= Louise Nettleton =

British archer and mountaineer

Louise Nettleton (née Dyer) (1874–1954) was a British archery champion and a mountaineer.

==Biography==
Louise Dyer was born in Surry in 1874, the daughter of Abraham Dyer, a chemist. In 1898 she married Charles William Nettleton (1871–1962) and during the Great War she was a certified mechanic in the Motor Section of the WVR. She died on 22 October 1954.

==Mountaineering==
Nettleton was a distinguished mountaineer who was elected President of the Ladies' Alpine Club (1920–1922). In the early 1900s she was "looked up to by her contemporaries as one of the really great climbers of those days".

She excelled at rock climbing, both in the Alps and on short technical routes in the UK. Amongst her more notable alpine achievements were the traverse of Monte Rosa in 1900; the Cinque Torri and Kleine Zinne in 1901; the Aiguille de Blaitiere in 1903; the Weisshorn in 1904 and the traverse of the Matterhorn in 1906. Her greatest alpine achievement during those years was leading the traverse of the Aiguille du Grépon in 1903, accompanied by her husband and a porter.
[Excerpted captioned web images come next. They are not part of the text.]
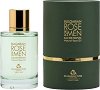 Bulgarian Rose For Men EDP - ����� ������ �� ������� Bulgarian Rose For Men - ������
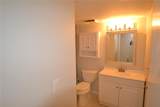 3399 Mermoor Drive - Photo 45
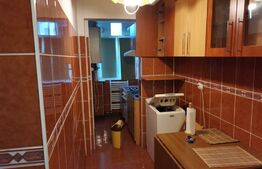 Garsoniera 30mp, etaj intermediar, de vanzare, zona Calea Dumbravii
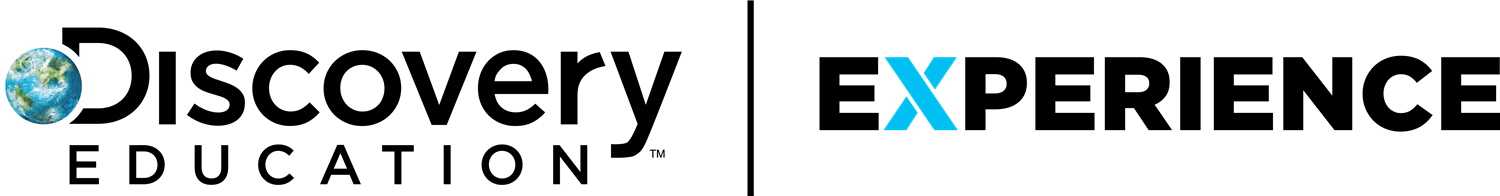 Science Discovery Assessment Platform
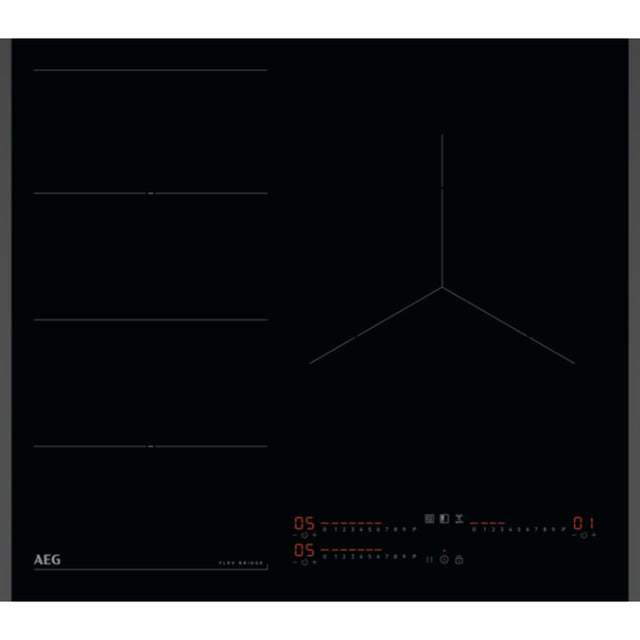 V2H3C71049FAD93B445B6BCD3B938B100C9R6993324P1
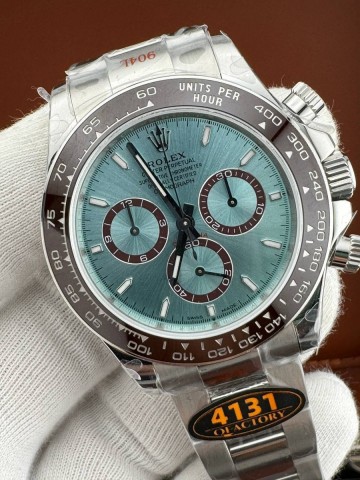 Rolex часы #348588VG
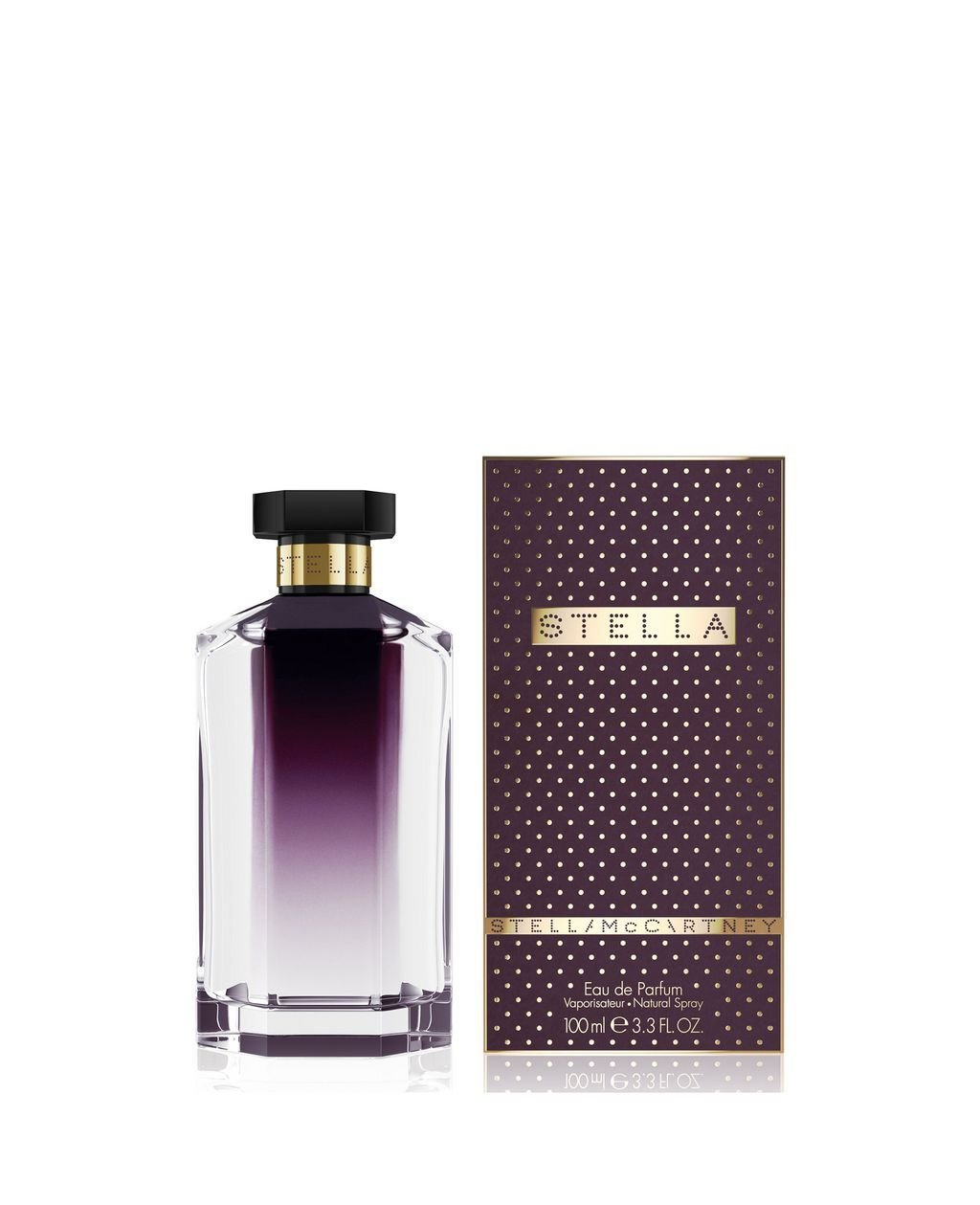 Stella perfume 100ml online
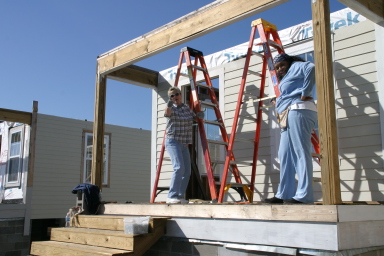 2007-11-28-VA-ITOC-Habitat-for-Humanity-56-Zanna.JPG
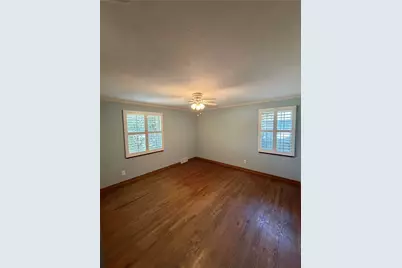 6452 E Lovers Lane, Dallas, TX 75214 - Photo 8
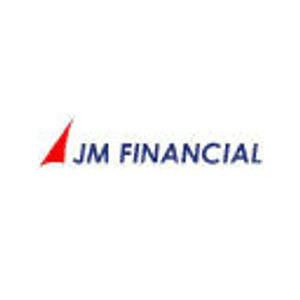 image of JM Financial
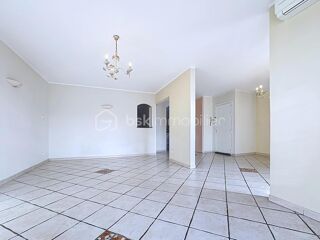  Appartement � vendre 5 pi�ces 101 m�
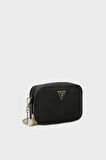 Guess Bayan Çanta PW7520 P5203 BLA
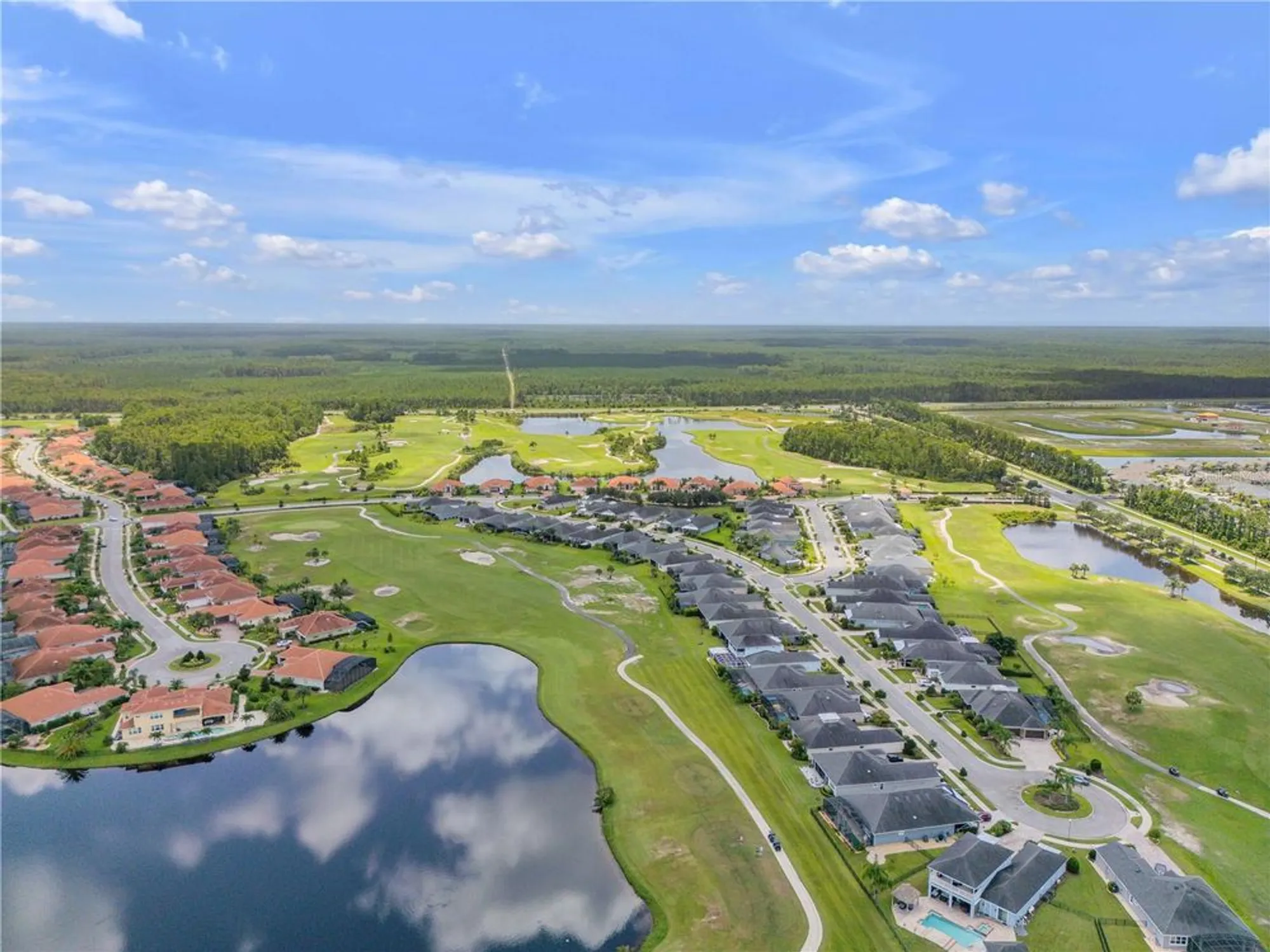 Property Slideshow image 60 of 72 | 2916 bella flore ter, New Smyrna Beach, FL, 32168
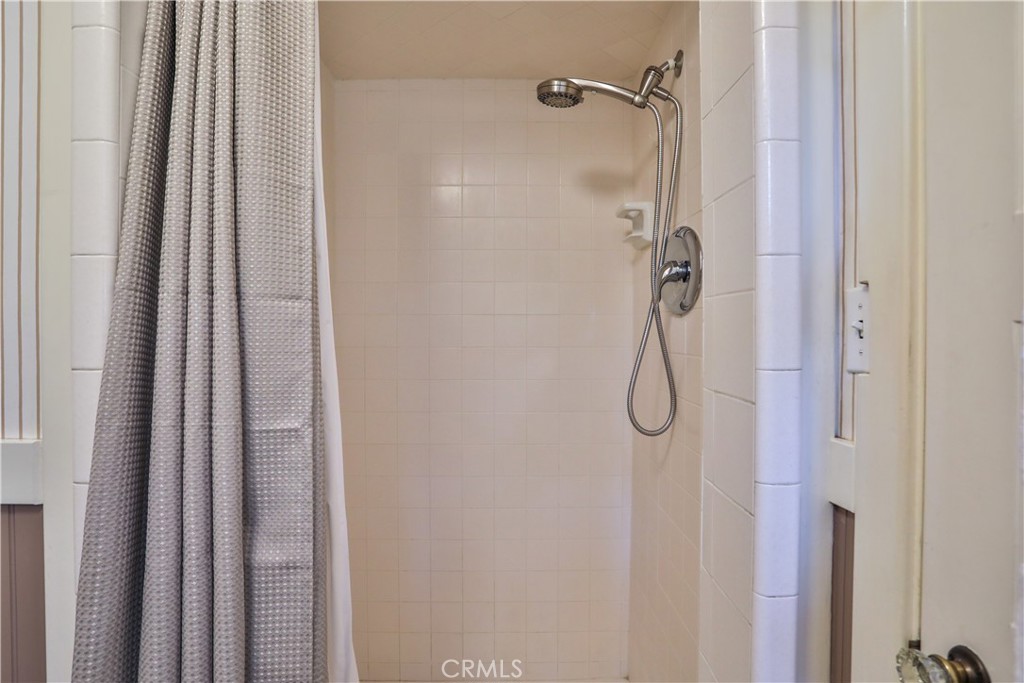 1890 Palomino Avenue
Prior to her alpine exploits she had led climbs in the UK which at the time were held to be particularly demanding. One of those was Kern Knotts Crack on Great Gable in the Lake District, about which George Abraham wrote "an expert, and none other should attempt the course" in the introduction to his book he adds that "The traverse of the Aiguille de Grepon at Chamonix is just as much rock-gymnastics as the ascent of Kern Knotts Crack on Great Gable". She led Kern Knotts Crack at the age of 23, only a year after Owen Glynne Jones had made the first ascent in 1897.

==Archery==
Nettleton's "fame as an archer was great". She was competing in international archery until her late 70s, and was present at every world championship until 1952. She was on the winning team at the World Archery Championships three times, in 1935, 1937 and 1946. and was awarded the gold medal in the women's individual competition at the 1938 World Archery Championships where she finished as co-champion with Nora Weston Martyr, no silver medal was awarded that year. In 1933, 1939 and 1946 she was the British National Champion and at the 1939 World Archery Championships she was awarded the bronze medal in the women's individual competition.

She was Honorary Vice-president of the Grand National Archery Society (later Archery GB), the Southern Counties Archery Society and the Royal Toxophilite Society.